Emissions are any fumes that come out of a car’s engine while in use and cause air pollution.Because of this, cars in the UK are regulated by Euro emissions standards, but, as we’ve seen in the news recently, not all manufacturers are playing fair.
Following on from last year’s VW emissions scandal in the US, the UK has been embroiled in its own scandal this month with a Department for Transport (DfT) test revealing a number popular cars in the UK are spewing out far more nitrogen oxide than the EU limit.
The DfT spent six months testing 37 of the country’s most popular diesel cars produced by manufacturers including Ford, Renault and Vauxhall. They found every single one of the cars is producing up to 12 times the EU maximum limit of nitrogen oxide for road-tested emissions (180mg of nitrogen oxide per km).
Buying a car
After a house, your car is probably going to be the most expensive thing you shell out for, and there are lots of things to consider as well as the lump sum for the actual car.
There’s fuel, maintenance and servicing, plus tax (Vehicle Excise Duty, VED) which takes emissions into account for pricing.
Vehicle tax rates are based on engine size, or fuel type and carbon dioxide (CO2) emissions, depending on when the vehicle was registered.

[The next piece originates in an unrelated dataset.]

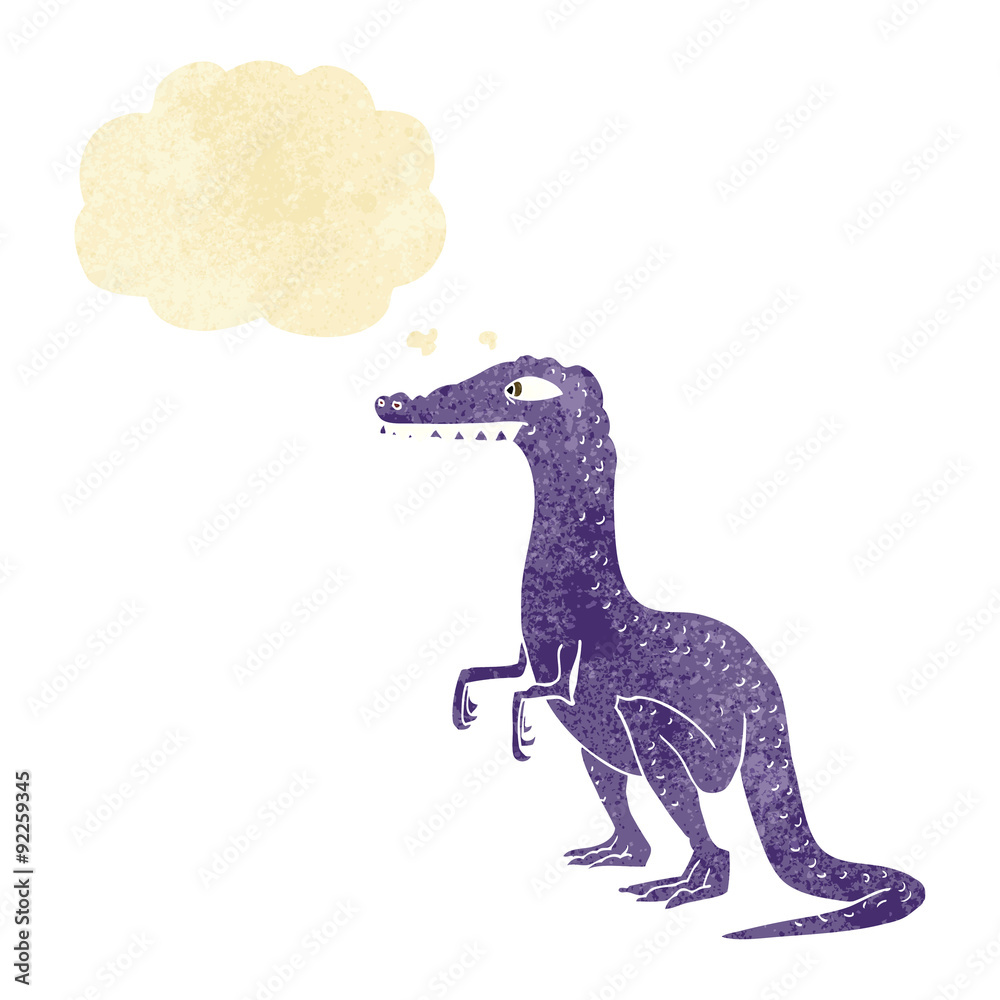Fototapeta premium cartoon dinosaur with thought bubble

The rates are split into bands; the lower the emissions, the lower the vehicle tax as they cause less air pollution.
For cars registered on or after 1st March 2001 the rate of VED is based on fuel type and CO2 emissions, and the prices vary quite drastically.
VED rates and your budget
So depending on how much you can afford to spend each month on VED, you should be looking at the tax band for any car you’re eyeing up.
VED at the lower end of the band is free for petrol or diesel cars that emit up to 100g per km of CO2, next is £20 a year for cars emitting between 101 and 110g/km.
On the other end of the scale are the more expensive categories for cars emitting over 255g/km – these will cost you up to £540.75 for 12 months’ tax. If you’re buying a brand new car with the highest emissions VED will cost £1,120 if you’re buying it in the first year it’s registered.
However, if you’re not looking to buy a car until next year, the pricing system is all set to change when VED will be split into three bands – zero, standard and premium. In the 2015 Budget, Chancellor George Osborne said the standard charge of £140 would apply to 95% of all cars.